Smith & Wesson Model 66 Combat Magnum
In my mind, the S&W K-frame with wood finger-groove grips is one of the sexiest looking wheel guns available.
First launched in 1970, the K-Frame Model 66, chambered in .357 Magnum/.38 Special, gained a lot of respect from shooting enthusiasts and law enforcement agencies; however, in the early 2000s, S&W stopped making the 66. Customer demand ultimately caused it to be reintroduced in 2014.
With the newer model, S&W was able to reduce costs and possibly make it more accurate by utilizing new machining and assembly methods.
Today’s Model 66 Combat Magnums come in two barrel lengths. They have an exposed hammer and can be fired in single or double action. They hold six rounds with a fairly robust design. A Model 66 with a 2.75-inch barrel weighs 2.10-pounds empty.
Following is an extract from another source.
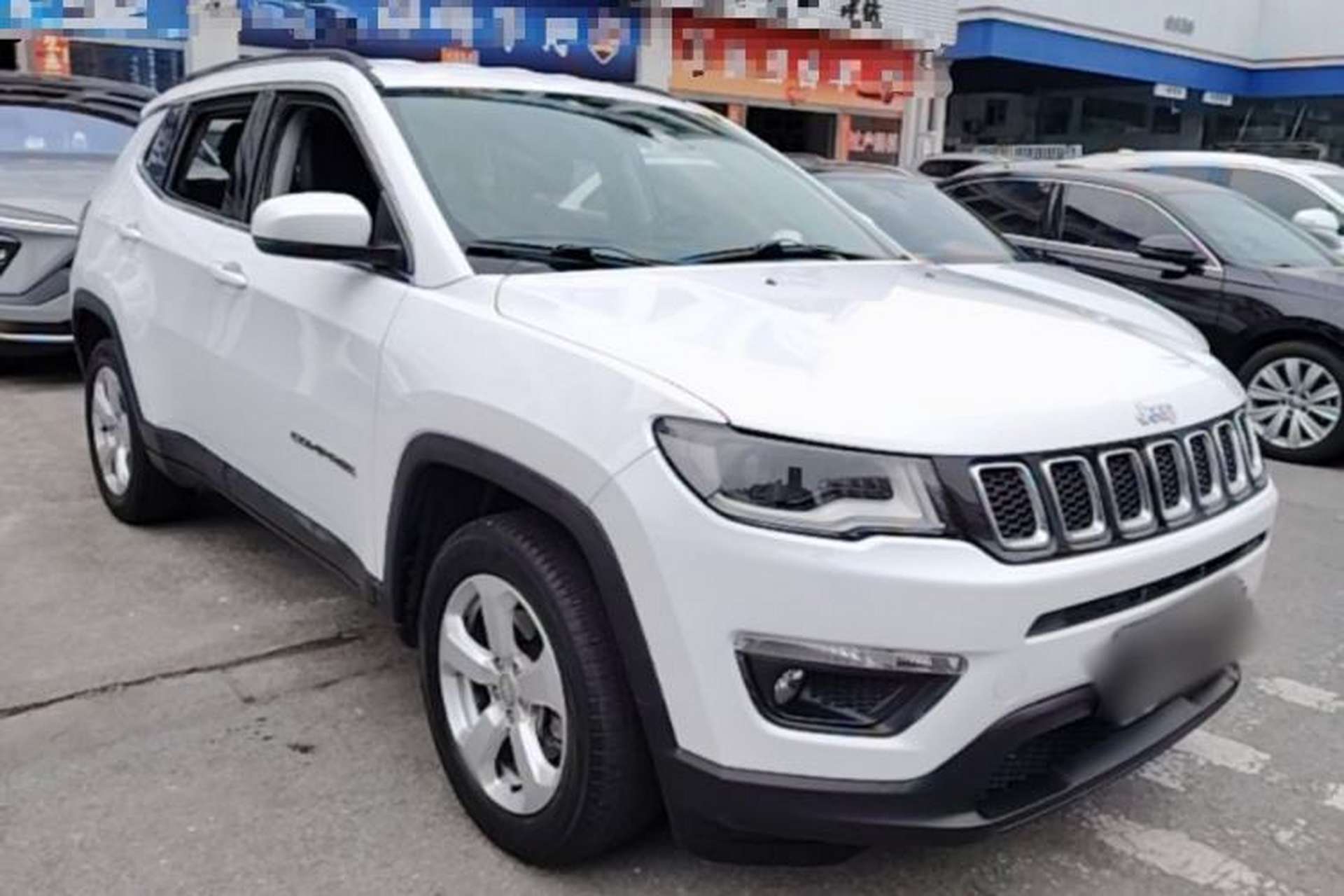 Used Jeep Compass 2017 200T Automatic Comfort Edition Front Right 45 Deg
Introduced in 1955, the Python was deemed by Colt as a ‘premium revolver’. It competed directly with Smith & Wesson’s Model 29. Both wheel guns were chambered in .357 Magnum/.38 Special.
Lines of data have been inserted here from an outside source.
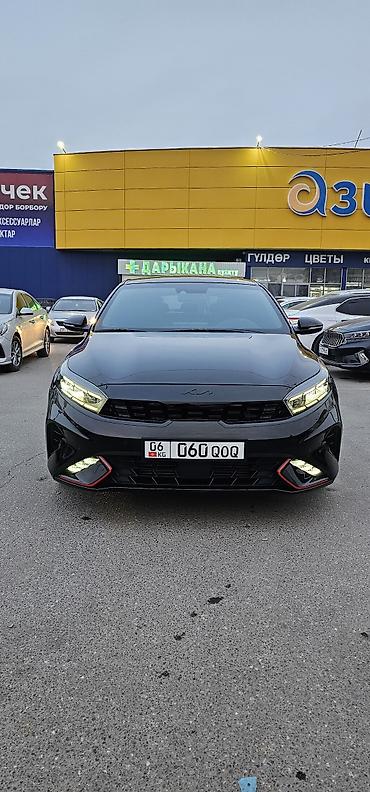 xpeng g3: Kia Cerato: 2022 г., 1.6 л, Бензин, Хэтчбэк — 1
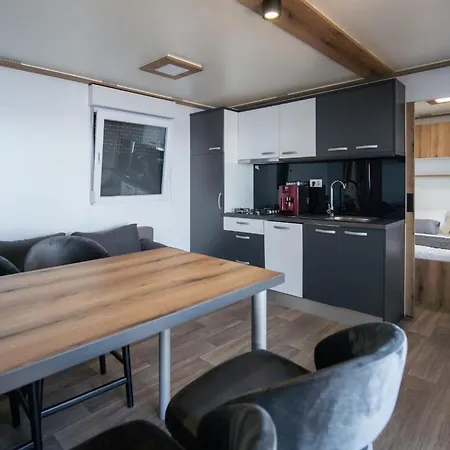 Nyaraló 2 Bedroom With Terrace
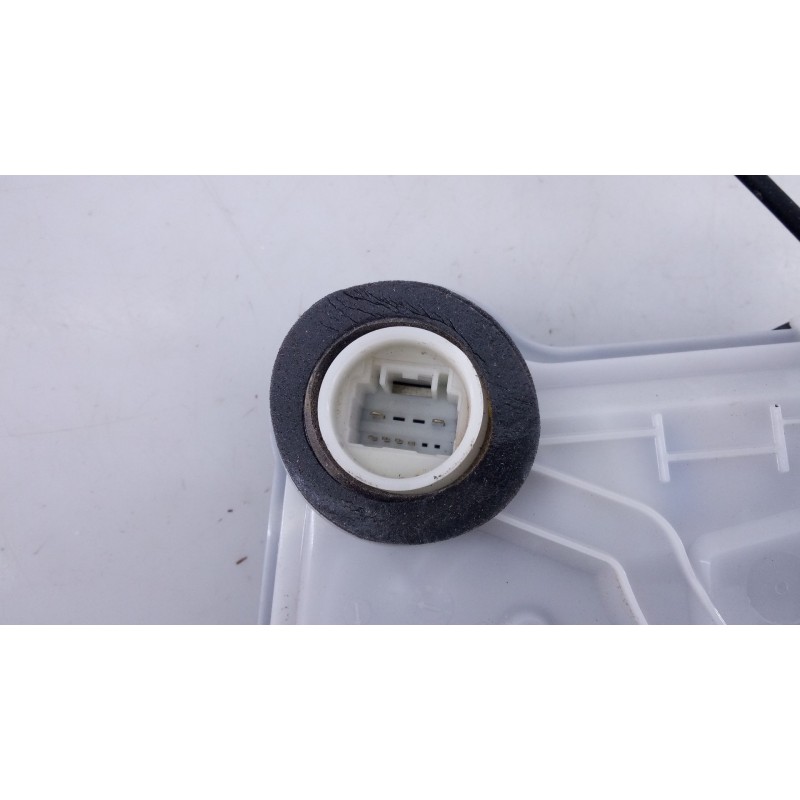 Recambio de cerradura puerta delantera izquierda para toyota rav4 hybrid 4x2 luxury referencia OEM IAM   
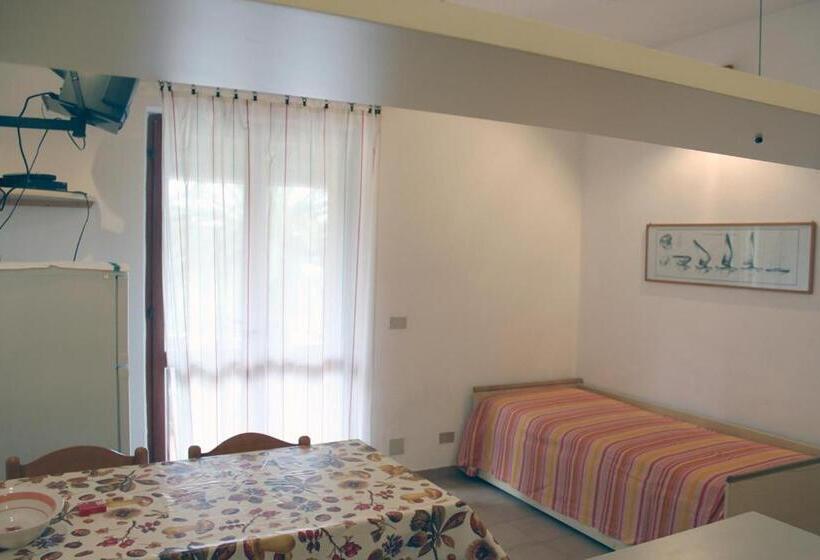 آپارتمان 1 خوابه با تراس, Casa Roberta
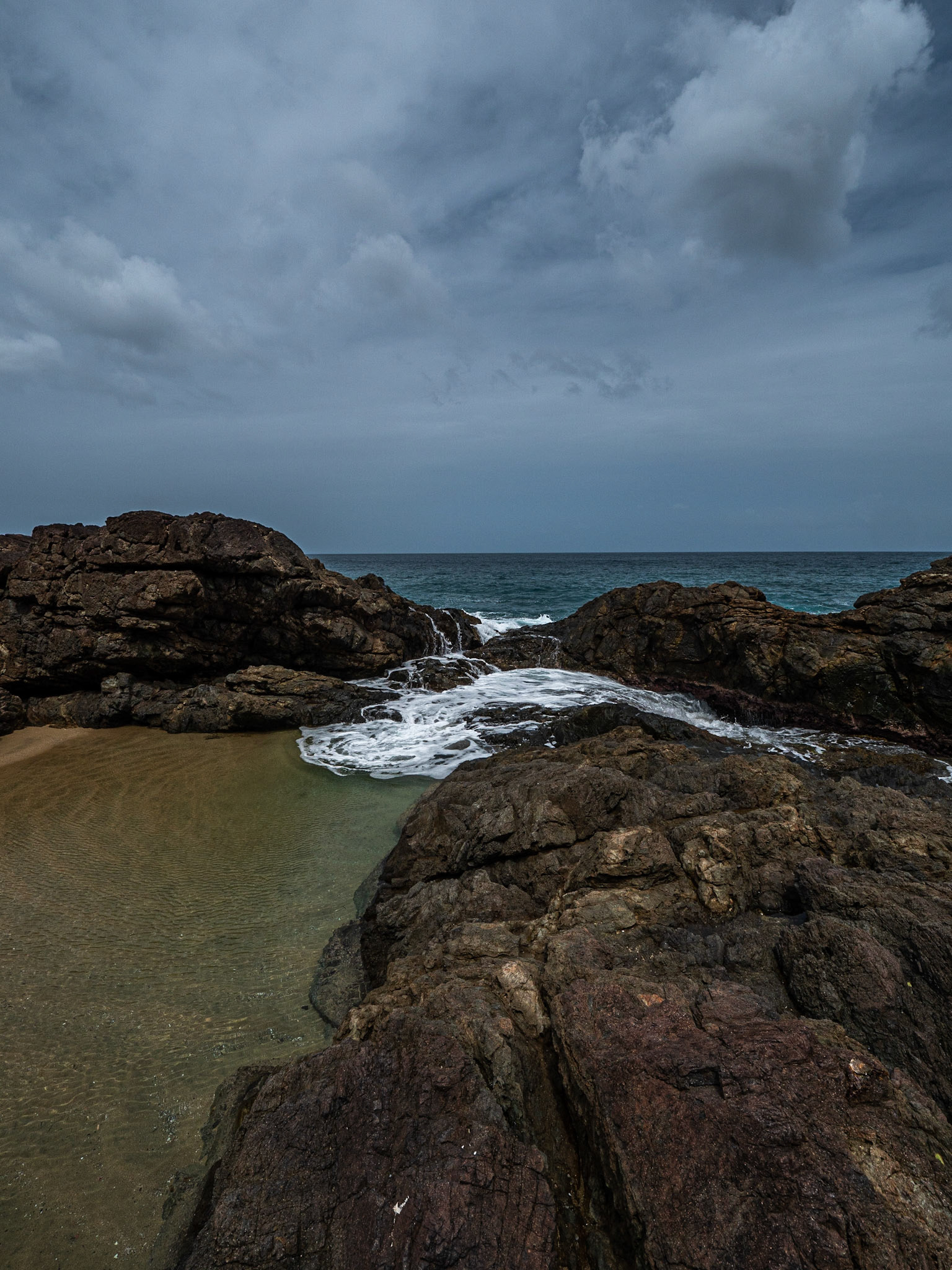 P1066206 West Coastline Black Rock Area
While S&W eventually got Dirty Harry behind their gun, Colt had well-respected firearms writers behind it claiming that the Python was ‘the finest production revolver ever made.’ Not for the faint of heart, Pythons were intended to be big, solid and accurate handguns. They had an excellent reputation with both shooters and law enforcement.
Despite this, Colt discontinued the Python in 2005, perhaps due to a lack of interest at the time in revolvers amid the polymer pistol revolution. In January of 2020, however, Colt re-introduced the Python to much fanfare at SHOT Show in Las Vegas.
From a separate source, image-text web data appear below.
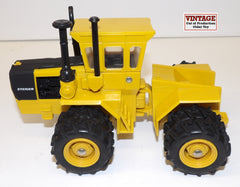 #3091 1/32 Steiger Panther III Industrial Yellow 4WD Tractor with Duals - Plastic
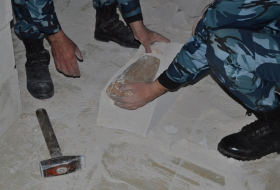   İrandan Gürcüstana aparılan 306 kq heroin gömrükdə tutuldu -  FOTOLAR  
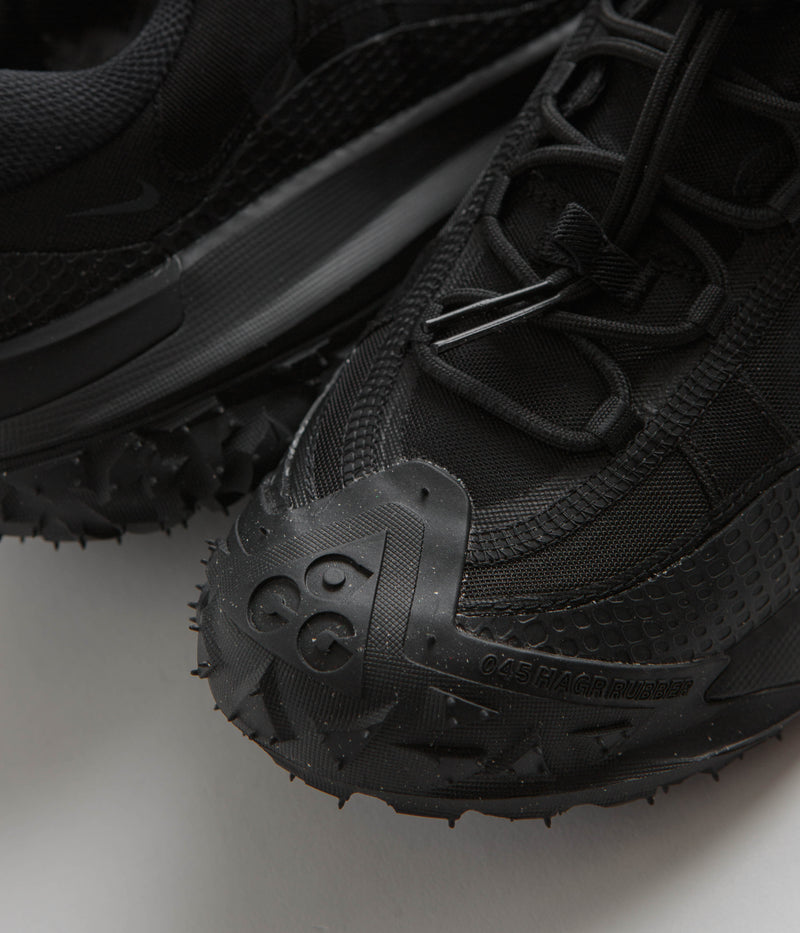 Nike ACG Mountain Fly 2 Low Shoes in Black and Anthracite and Black - Black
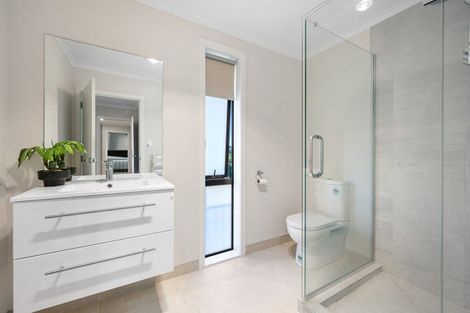 Photo of property in 24 Te Tiireke Drive, Glenview, Hamilton, 3206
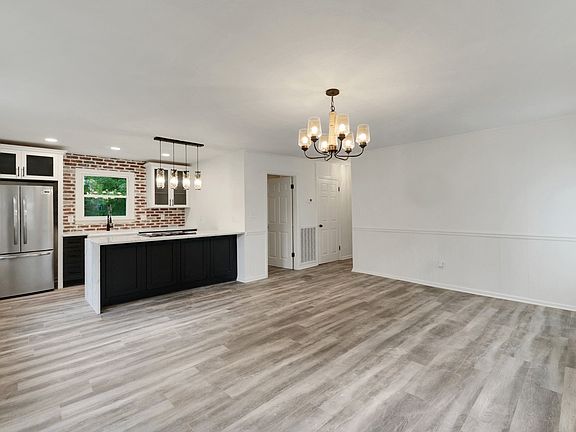 5th image of 809 Belle Dr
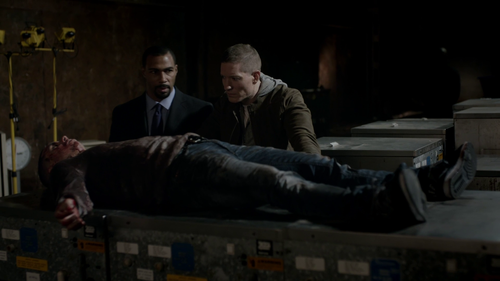 S01E002 Quem Quer que Ele Seja 001.png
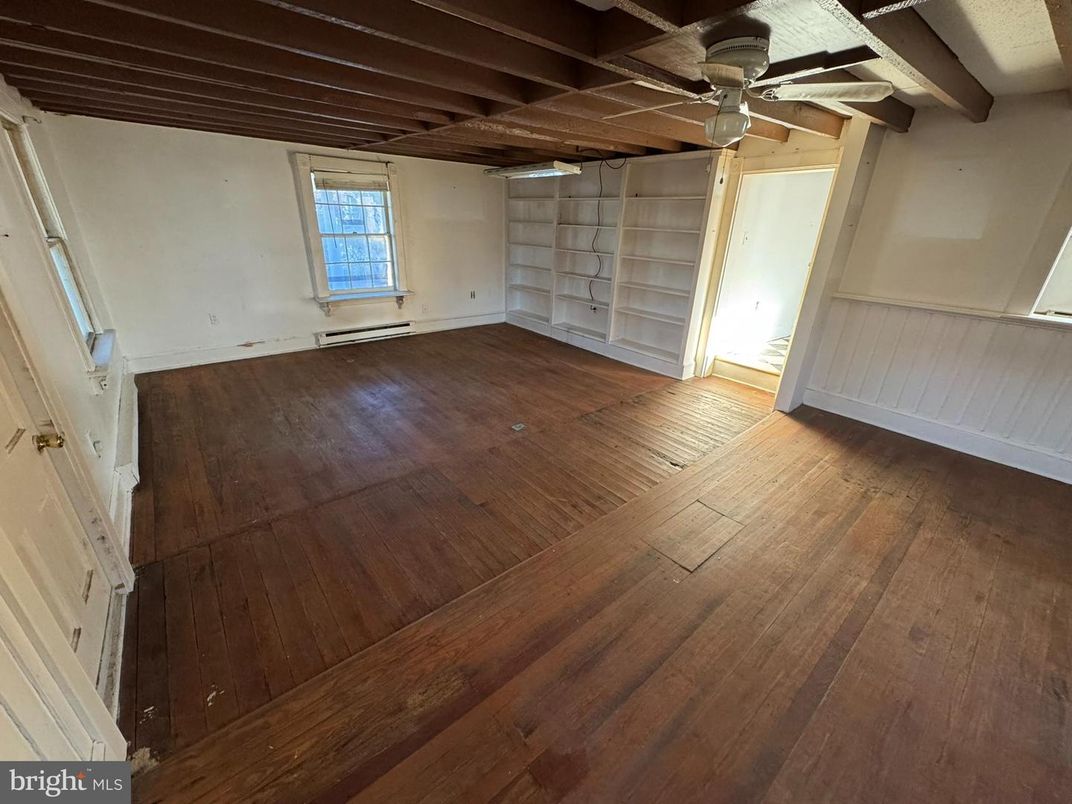 Empty room, Interior, Wooden Beams, Wood Texture Flooring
According to Colt, the new Python is built out of stronger stainless steel compared to the originals and is available in a 4.25- or 6 inch-barrel model with wood grips.
We were able to shoot the new Python and it shoots and feels really good. The hammer is exposed and it can be fired in signal or double action. It holds six rounds and has adjustable sights. The 4.25-inch model weighs 2.63-pounds.
Last but certainly not least, the Taurus Judge is named after the Miami judges that carry it as their preferred self-defense weapon. Capable of holding five rounds of either .45 Long Colt or .410 shotshell, it is a very potent self/home defense weapon.
It has a five-round capacity and with exposed hammer, can fire in either single or double action. Sights are not adjustable but feature a high vis fiber optic front sight. There’s also a key-operated Taurus Security System. Shallow rifling of the barrel means the Judge is not a short barrel shotgun under the NFA. However, it is illegal in California due to that states more stringent gun laws.
A judge with a 3-inch barrel weighs 1.81-pounds empty.